Scientists are being forced to rewrite existing theories on black holes based on the arrival of the most detailed observations yet of the dust surrounding the black hole located at the center of the active galaxy NGC 3783.

For the last 20 years, astronomers have found a black hole at the center of almost all known galaxies, some of which are growing as they draw in matter from their surroundings in one of the most energetic processes in the universe.

Brilliant powerhouses ringed by doughnuts of cosmic dust, they produce the same whirlpool effect found around the drain in a sink or bathtub, dragging everything toward its center; however, instead of water, they absorb silicate and graphite grains, minerals abundant on Earth and similar to soot from a burning candle.

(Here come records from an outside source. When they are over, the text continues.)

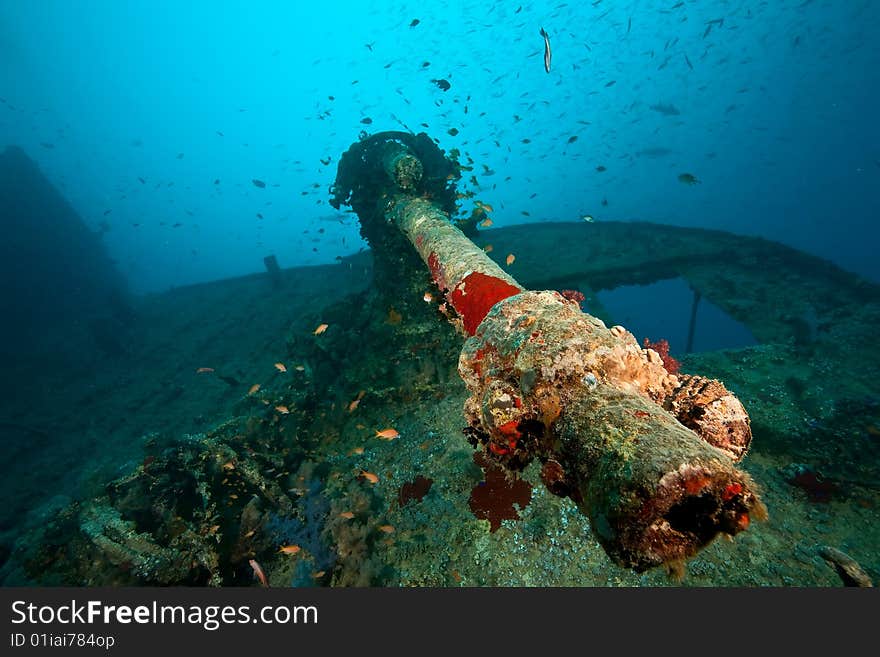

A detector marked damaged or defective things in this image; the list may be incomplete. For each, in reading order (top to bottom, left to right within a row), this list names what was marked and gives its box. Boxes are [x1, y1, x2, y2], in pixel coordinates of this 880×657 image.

red rust patch on barrel [450, 270, 520, 336]
rusted gun barrel [330, 131, 764, 572]
rusted metal debris [334, 132, 768, 568]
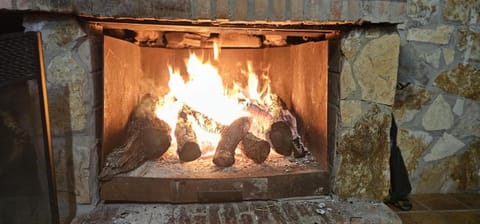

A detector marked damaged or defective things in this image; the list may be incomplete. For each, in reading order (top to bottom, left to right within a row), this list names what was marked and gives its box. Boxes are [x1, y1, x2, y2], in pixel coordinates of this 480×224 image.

charred wood chunk [98, 93, 172, 181]
charred wood chunk [174, 111, 201, 161]
charred wood chunk [213, 117, 251, 166]
charred wood chunk [239, 132, 270, 164]
charred wood chunk [268, 121, 294, 156]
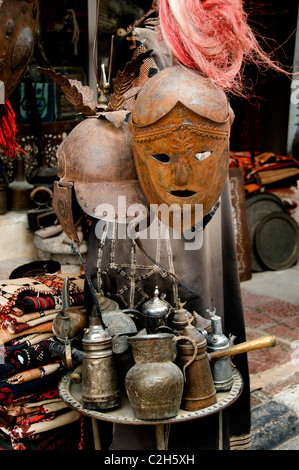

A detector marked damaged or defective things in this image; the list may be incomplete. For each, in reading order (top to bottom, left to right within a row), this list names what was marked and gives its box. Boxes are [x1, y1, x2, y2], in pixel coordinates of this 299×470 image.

rusty metal mask [0, 0, 39, 98]
rusty metal mask [53, 116, 150, 241]
rusty metal mask [129, 66, 234, 233]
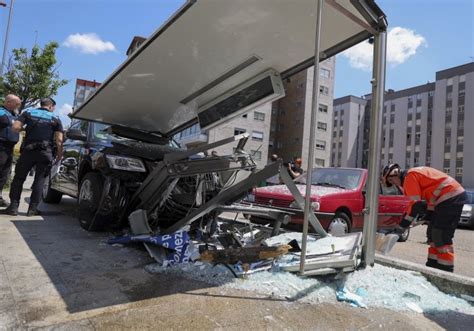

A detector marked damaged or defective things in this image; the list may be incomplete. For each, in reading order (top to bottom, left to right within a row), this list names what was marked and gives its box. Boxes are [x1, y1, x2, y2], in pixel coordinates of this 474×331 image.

collapsed bus shelter [71, 0, 388, 274]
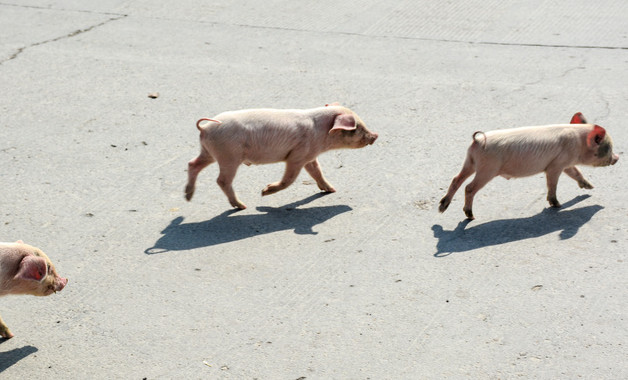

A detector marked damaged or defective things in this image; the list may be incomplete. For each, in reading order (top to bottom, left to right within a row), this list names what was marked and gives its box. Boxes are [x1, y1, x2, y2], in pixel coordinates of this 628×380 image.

pavement crack [0, 13, 127, 65]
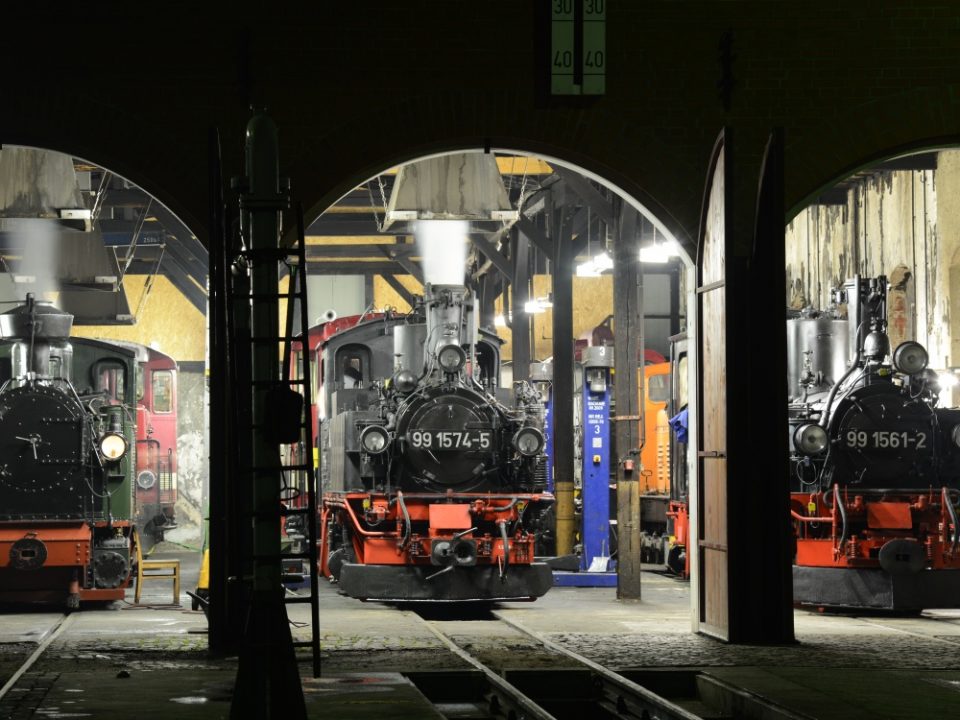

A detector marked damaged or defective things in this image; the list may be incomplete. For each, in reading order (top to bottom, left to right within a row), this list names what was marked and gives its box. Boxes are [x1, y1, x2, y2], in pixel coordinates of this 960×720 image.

peeling plaster wall [788, 152, 960, 376]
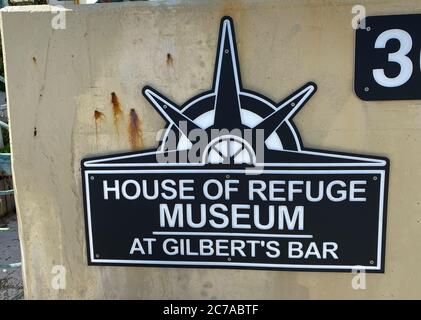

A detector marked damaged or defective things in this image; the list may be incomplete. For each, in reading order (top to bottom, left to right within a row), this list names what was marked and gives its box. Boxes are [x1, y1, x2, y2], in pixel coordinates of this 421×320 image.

rust stain on wall [127, 109, 144, 151]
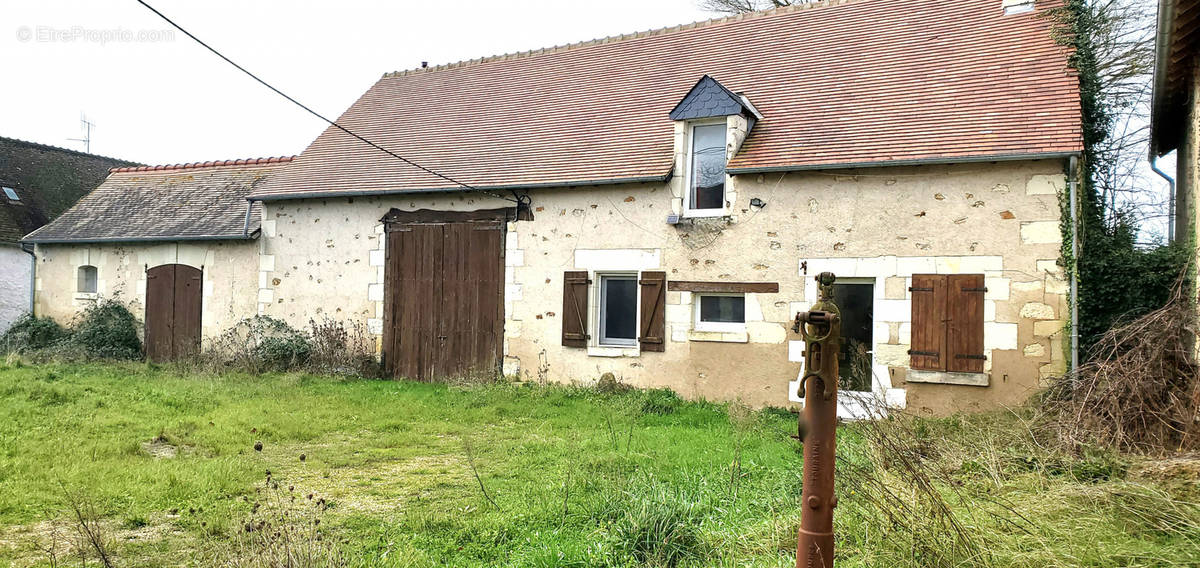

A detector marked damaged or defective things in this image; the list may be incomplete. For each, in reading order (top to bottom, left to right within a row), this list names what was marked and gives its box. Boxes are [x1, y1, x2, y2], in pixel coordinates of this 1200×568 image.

rusty metal post [787, 271, 844, 566]
rusty water pump [787, 271, 844, 566]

However, new observations of the nearby NGC 3783 black hole produced by the European Southern Observatory's (ESO) Very Large Telescope Interferometer (VLTI) portray dust that seems to be resisting this massive pull and instead forming a cool wind streaming outward from the black hole.

According to the researchers, while the reason for this is not entirely clear at this point, it must reside in the complex relationship between the black hole and its environment. Specifically, they believe the intense radiation may be responsible for blowing the material away, though it's uncertain how these two processes - the push and pull - work together to enable supermassive black holes to grow and evolve within galaxies.

For this reason, while the discovery of the dusty wind may represent a challenge to current theories, it also offers a new direction for researchers working to understand the complex space bodies to head in.

In order to make these paradigm-shifting discoveries, astronomers needed to use the combined power of the Unite Telescopes of the ESO's Very Large Telescope together with an interferometer capable of obtaining a resolution equivalent to that of a 130-meter telescope.

As one team member, Gerd Weigelt of the Max Planck Institute for Radio Astronomy explained in a press release, by doing this they were able to study a region as small as the distance from the Sun to its closest neighboring star in a galaxy tens of millions of light-years away.

"No other optical or infrared system in the world is currently capable of this," he said.

Going forward, the scientists plan on using MATISSE, a second-generation instrument for the VLTI currently under construction, in order to better understand the mysterious and powerful space bodies.